Secondly, many gender and religious biases are underwritten in family laws which prevent consensus or consistency on matters of sexual maturity and underage marriage. Over 18 per cent of girls and 4 pc of boys in Pakistan are married before the age of 18 and prevention is complicated by our dual legal regime and by societal trends of forced conversions of girls from religious minorities. If marriage remains an unequal legal arrangement for all women, and an economic safety net for the poor and a social status for the rich, girls will remain devalued for just their labour and reproductive worth and their virginities and sexual purity will serve as premiums.

Third, overwhelmingly, cases of any but especially child sexual abuse continue to be subject to attrition where survivors or victims’ families resile under counsel and social pressure from community, police or clerical leaders. As human rights lawyers point out, as long as the judicial process privileges ocular evidence over corroborative forms and courts are unwilling to try cases despite resiling, sex crimes will not be subject to justice.

Mythos over logos

Beyond legal recourse, social protection for Pakistani children remains precarious due to misguided beliefs and flawed remedies.

The first myth that family, marriage, and community are safe havens encourage private settlements in sex abuse cases and perpetuate lifelong generational trauma. The second damaging myth is that biology is the driver of sexual violence instead of unequal power relations, especially between genders.

Feminists have countered both these fallacies. They refute the notion that sex abuse is a private matter by insisting that the personal is political and risk their lives to speak out on the commonality of violence in families and marriages. The Aurat March movement has expanded this cause with many members narrating their own experiences of sexual offences and providing ventilation for other survivors. Stigmatising sex education, or underplaying abuse on the pretext of immorality or false respectability, disarms the potential victim from self-defence — silence and shame is the paedophile’s best alibi.

Glorifying the virtues of domesticated pious women and obedient children justifies discipline and decision-making as the male guardian’s natural right. Feminists contend that it is not biology but elite capture of social, economic, political resources that buys impunity for powerful abusive men. They also point out that while there is significant challenge in addressing attitudes within clerical, judicial, and political circles where some may justify male privilege, dismiss allegations of sex crimes, or blame victims, such figures often remain in positions of leadership and trust.

Age of innocence; beyond reliance and alliances


Despite these conceits of legal, social and sexual inequalities, the self-defeating solutions continue to fixate on laws, liberation theology, and male allies — but each needs reconsideration.
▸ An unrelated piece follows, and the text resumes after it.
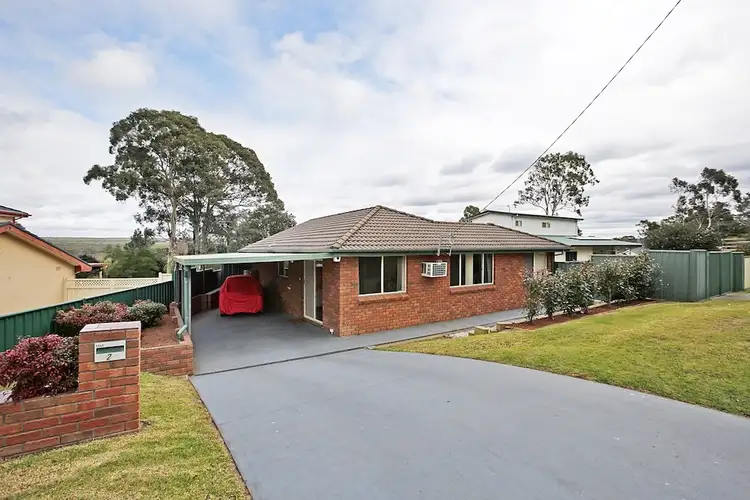 Main view of Homely house listing, 2 Cambalan Street, Bargo NSW 2574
Pakistan has no standard legal definition of a child — ages for voting, marriage, sex crime, factory work, succession age, or as a juvenile liable to criminal proceedings — vary considerably across the country and provinces. Addressing sex crimes either involves deferring responsibility to communities and families, which may perpetuate abuse, or relying on technological solutions as a last resort.

There are at least 17 officially listed helplines for children-related complaints, yet members of Sahil say that hardly any child uses the helplines to complain (it is mostly parents or other adults who use the referral system). The high profile and politicised Zainab Alert App for missing children offers lopsided results nationwide and reports more abduction of boys than girls in every province, offering no analysis.

Most laws and policies on women’s and children’s rights are missing data or evaluation, yet random remedies continue to sink the country’s global ranking. The girl-child has been the poster figure for the UN and donor organisations that have sponsored efforts to change the fate of generations of stunted, anaemic, illiterate Pakistani girls from growing into disenfranchised, disinherited, dependent and vulnerable adult women.

But the hubris that has insisted on religious inclusivity in donor programming over the past 20 years, has escalated faith-based approaches to girls’ and women’s development and which essentially bribe male religious leaders to approve projects that deliver basic rights. This approach has reinforced the role of clerics as gatekeepers in community programmes —officials note a variety of specialised roles among clerics, including those focusing on polio, family planning, and gender issues.

Those who defended piety politics and appealed for faith appropriate alternatives to ‘Western’ rights have subdued radical resistance into reformative donor projects and culture festivals. This has also trapped the Aurat March movement, since pietist women oppose the demands for sexual equality in a not-so-docile manner.

Improving conviction rates for sex offences is important but castration or cajoling male allies to detox their masculinities is not going to end sex abuse. The only proven difference is when women and children refuse to remain silent; instead, they subvert and challenge all disparities, insist on equal educational, inheritance, marital, and professional rights, rather than constantly bargain with patriarchy or plead with its institutional representatives.

Rather than pouring resources into Sisyphean programmes for community behavioural change, perhaps, it is time to empower the child directly. This could involve implementing rights-based approaches and providing information and leadership to diminish the influence of community leaders, guardians, and traditional intermediaries. Such measures would help restore a sense of balance while ensuring the safety and self-reliance of children.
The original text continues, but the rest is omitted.